Pitfall 2: Declaring winners of multiple offer tests with no statistically significant difference
With multiple offer testing, marketers often declare the offer with the highest lift as the test winner, even though there is no statistically significant difference between the winner and the runner-up. This situation occurs when the difference between the alternatives is smaller than the difference between the alternatives and the control. The figure below illustrates this concept, with the black error bars representing 95% lift confidence intervals. The true lift for each offer relative to the control offer is 95% likely to be included within the confidence interval-the range shown by the error bars.

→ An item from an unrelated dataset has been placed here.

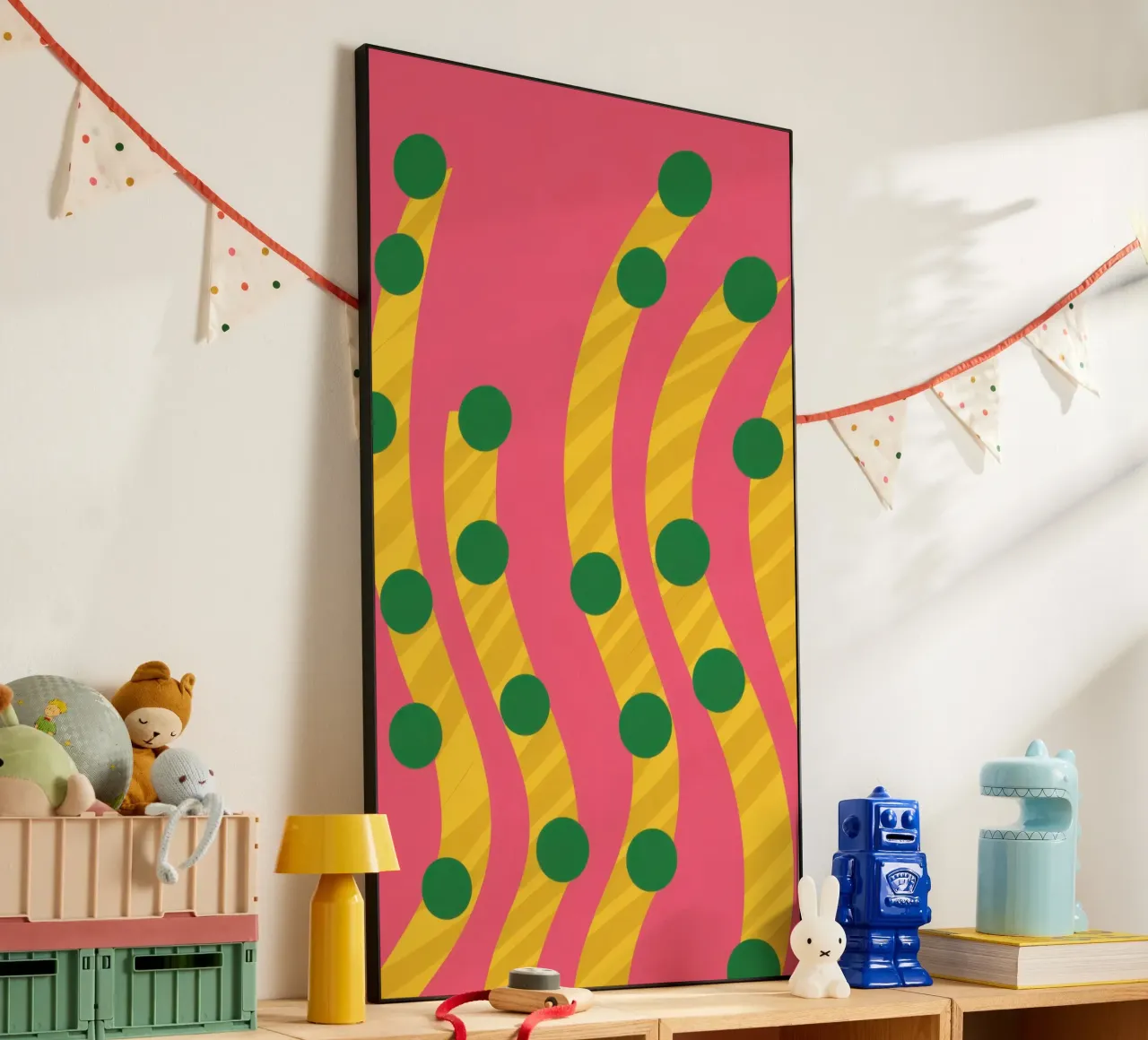 Green Dot Pattern forex plate by Obs Canvas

Offers A and B have the highest observed lift during the test, and it would be unlikely that offer C would outperform those offers in a future test, because the confidence interval of C does not overlap with the confidence intervals of A or B. However, even though offer A has the highest observed lift during the test, it is possible that offer B could perform better in a future test because the confidence intervals overlap.
The takeaway here is that both offers A and B should be considered winners of the test.
It’s typically not feasible to run the test long enough to identify the true relative performance of the alternatives, and oftentimes the difference in performance between the alternatives is too small to substantially impact the conversion rate. In such cases, you can interpret the outcome as a tie and use other considerations, such as strategy or alignment with other elements of the page, to determine which offer to implement. With multiple tests, you must be open to more than one winner, which sometimes considerably opens up the possibilities for the direction to take with your website development.
If you do want to identify the offer with the highest conversion rate, you are comparing all offers to every other offer. In the example above, you have n = 5 offers—you have to make n(n-1)/2 comparisons, or 5*(5-1)/2 = 10 comparisons. In this case, the Bonferroni correction requires that the significance level of the test be 5%/10 = 0.5%, which corresponds to a confidence level of 99.5%. However, such a high confidence level might require you to run the test for an unreasonably long period.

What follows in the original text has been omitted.